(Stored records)
* * * * *
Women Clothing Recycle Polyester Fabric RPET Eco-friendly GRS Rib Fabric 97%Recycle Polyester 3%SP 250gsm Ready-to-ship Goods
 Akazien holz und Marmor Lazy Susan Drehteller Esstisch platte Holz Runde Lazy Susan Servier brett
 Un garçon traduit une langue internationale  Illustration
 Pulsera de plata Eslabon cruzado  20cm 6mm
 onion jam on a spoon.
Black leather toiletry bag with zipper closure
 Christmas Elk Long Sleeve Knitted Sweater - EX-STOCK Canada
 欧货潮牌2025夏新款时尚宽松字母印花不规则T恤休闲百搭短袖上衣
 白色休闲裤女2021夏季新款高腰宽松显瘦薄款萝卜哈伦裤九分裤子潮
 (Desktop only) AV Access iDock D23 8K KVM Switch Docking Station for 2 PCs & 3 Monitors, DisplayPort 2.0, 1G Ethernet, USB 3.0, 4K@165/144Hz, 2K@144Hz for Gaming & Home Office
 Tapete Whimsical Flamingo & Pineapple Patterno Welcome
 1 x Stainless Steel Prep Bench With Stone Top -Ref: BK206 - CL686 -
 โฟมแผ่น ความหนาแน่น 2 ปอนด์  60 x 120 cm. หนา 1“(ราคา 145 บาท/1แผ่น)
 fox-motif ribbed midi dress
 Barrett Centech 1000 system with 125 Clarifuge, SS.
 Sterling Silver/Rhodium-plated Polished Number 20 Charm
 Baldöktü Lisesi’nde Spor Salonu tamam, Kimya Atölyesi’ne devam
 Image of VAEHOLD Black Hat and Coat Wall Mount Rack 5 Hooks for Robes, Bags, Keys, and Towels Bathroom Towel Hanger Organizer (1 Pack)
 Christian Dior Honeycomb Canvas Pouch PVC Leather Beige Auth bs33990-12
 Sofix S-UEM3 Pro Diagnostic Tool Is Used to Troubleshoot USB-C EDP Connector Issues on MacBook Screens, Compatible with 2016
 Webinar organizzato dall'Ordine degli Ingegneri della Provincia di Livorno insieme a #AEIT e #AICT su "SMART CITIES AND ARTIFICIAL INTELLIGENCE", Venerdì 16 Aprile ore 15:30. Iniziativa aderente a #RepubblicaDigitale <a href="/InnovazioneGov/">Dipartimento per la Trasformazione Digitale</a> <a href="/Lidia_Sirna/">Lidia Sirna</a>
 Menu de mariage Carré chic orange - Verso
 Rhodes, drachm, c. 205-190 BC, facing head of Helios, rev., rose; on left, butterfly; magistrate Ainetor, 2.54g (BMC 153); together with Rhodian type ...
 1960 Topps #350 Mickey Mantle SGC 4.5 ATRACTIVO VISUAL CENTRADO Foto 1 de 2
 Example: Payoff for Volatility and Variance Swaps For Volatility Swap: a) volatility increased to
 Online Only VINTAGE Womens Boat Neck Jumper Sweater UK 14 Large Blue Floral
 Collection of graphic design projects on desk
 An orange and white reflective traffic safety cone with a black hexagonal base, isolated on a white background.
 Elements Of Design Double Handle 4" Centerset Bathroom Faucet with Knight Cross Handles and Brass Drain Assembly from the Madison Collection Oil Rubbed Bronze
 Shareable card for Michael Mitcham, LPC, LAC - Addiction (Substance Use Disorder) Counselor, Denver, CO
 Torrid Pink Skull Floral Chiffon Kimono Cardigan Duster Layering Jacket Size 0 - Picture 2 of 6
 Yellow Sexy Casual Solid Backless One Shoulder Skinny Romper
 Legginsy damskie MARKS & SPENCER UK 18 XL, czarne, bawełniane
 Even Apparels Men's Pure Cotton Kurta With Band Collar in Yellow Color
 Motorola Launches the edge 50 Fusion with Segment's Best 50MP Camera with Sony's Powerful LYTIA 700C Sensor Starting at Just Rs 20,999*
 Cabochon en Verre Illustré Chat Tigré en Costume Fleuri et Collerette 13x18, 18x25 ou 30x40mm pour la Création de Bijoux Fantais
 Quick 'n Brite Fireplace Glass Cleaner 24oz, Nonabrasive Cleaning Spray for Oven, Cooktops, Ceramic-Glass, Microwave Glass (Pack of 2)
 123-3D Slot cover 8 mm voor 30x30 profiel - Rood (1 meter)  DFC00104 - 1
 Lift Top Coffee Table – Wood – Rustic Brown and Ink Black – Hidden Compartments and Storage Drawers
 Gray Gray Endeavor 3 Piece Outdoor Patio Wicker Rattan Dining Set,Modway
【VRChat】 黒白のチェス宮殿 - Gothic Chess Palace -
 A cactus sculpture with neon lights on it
* * * * *
Output the line containing "123-3D Slot cover" and every line after it through the final line of the records above, exactly as written and nothing else.

 123-3D Slot cover 8 mm voor 30x30 profiel - Rood (1 meter)  DFC00104 - 1
 Lift Top Coffee Table – Wood – Rustic Brown and Ink Black – Hidden Compartments and Storage Drawers
 Gray Gray Endeavor 3 Piece Outdoor Patio Wicker Rattan Dining Set,Modway
【VRChat】 黒白のチェス宮殿 - Gothic Chess Palace -
 A cactus sculpture with neon lights on it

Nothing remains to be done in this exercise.